SALLIES, ROMPS, PORTRAITS, AND SEND-OFFS

Selected Prose, 2000-2016

by August Kleinzahler

Pub Date: May 9th, 2017
ISBN: 978-0-374-28209-7
Publisher: Farrar, Straus and Giroux

A noted poet opines on other writers.

In this collection, award-winning poet Kleinzahler (The Hotel Oneira, 2013, etc.) gathers reviews, essays, and remembrances. He doesn’t suffer fools gladly, and a few of these biting and sharp sallies take their subjects and reputations to task.

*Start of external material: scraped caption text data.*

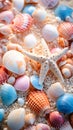 Seashell Collection, Soft focus, Macro shots, Stillness, Shoreline Royalty Free Stock Photo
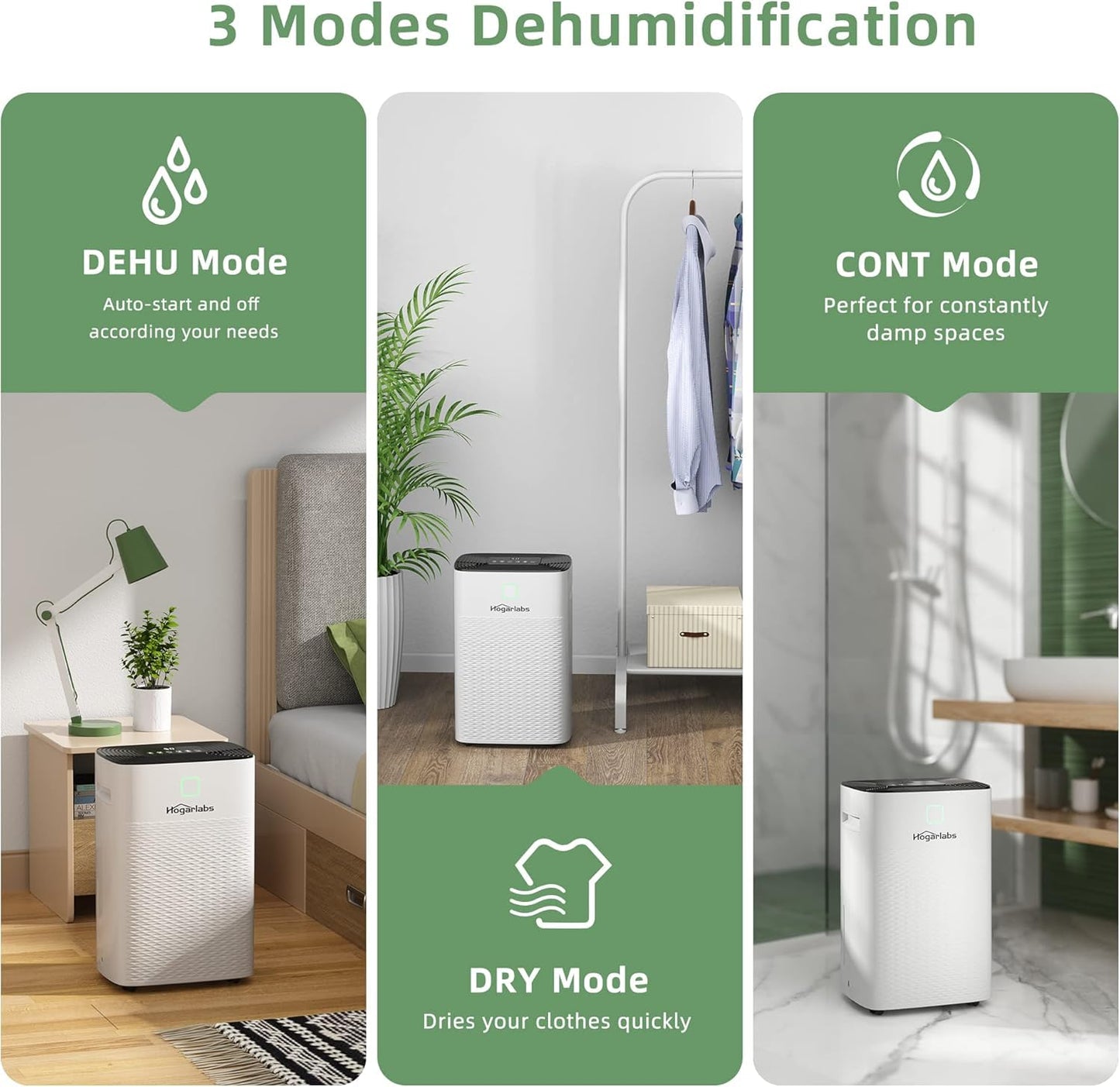 HOGARLABS 34 Pint Smart Dehumidifiers for Home and Basements, with 3 Working Modes, Overflow Protection, and Auto Shut off Restart. Ultra Silent Dehumidifier with Drain Hose and Digital Control Panel. 🍁 All In One Marketplace Canada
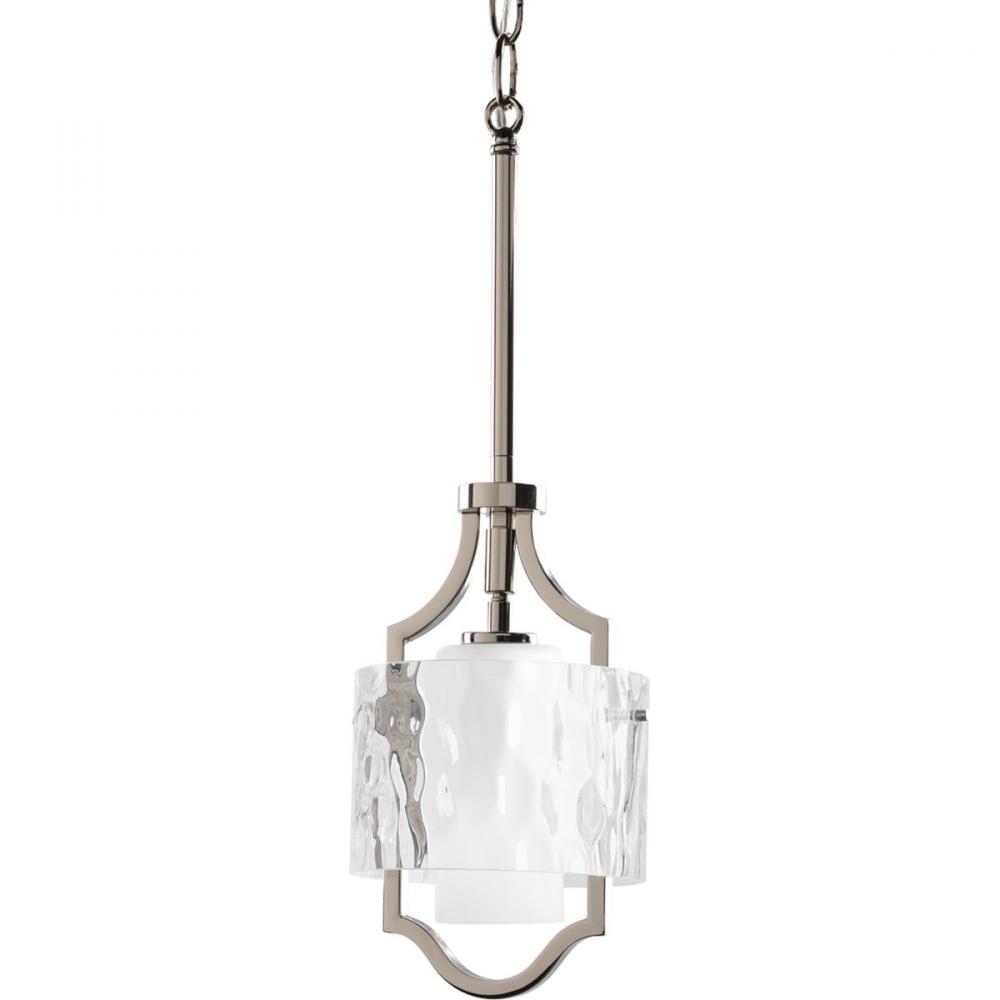 Caress Collection One-Light Polished Nickel Clear Water Glass Luxe Mini-Pendant Light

He admires Robert Lowell’s “enormous gift,” but his prestige is “much diminished” and his influence “has been baneful.” E.e. cummings is the “sort of poet one loves at the age of seventeen and finds unbearably mawkish and vacuous as an adult.” Richard Brautigan had a “lightness of touch [and] gorgeous timing," but “he wasn’t really very good….[I]t is pretty thin stuff: precious, self-indulgent fluff.” Kleinzahler can zero in on a work or writer like an eagle diving after its prey and snatch. The “clotted syntax” of John Berryman’s “much admired and little read” Homage to Mistress Bradstreet won’t let the piece breathe: “One feels the strain in its assemblage.” Kleinzahler likes to rescue lesser-known writers from obscurity. Lucia Berlin’s stories are of “a very high order and not always easy to take,” and the author also resuscitates poets Christopher Middleton, Roy Fisher, and Lorine Niedecke, “one of the most important and original poets of this past century. Kleinzahler much admires the poet Louis Zukofsky, a fine translator and author of the puzzling book-long poem “A,” which is “an unholy mess, an extraordinarily complex, often brilliant and heroic mess, but a mess.” There are affectionate portraits of two poets who influenced the author greatly: Thom Gunn, “one of the most important poets in the English language,” and the “shockingly neglected” Basil Bunting. Others discussed include Allen Ginsberg, James Schuyler, Leonard Michaels, and James Merrill. Kleinzahler also tosses in some personal pieces about music (and having too many CDs) and two hometowns, San Francisco and Fort Lee, New Jersey.

Tasty literary assessments served with a dollop of gossip.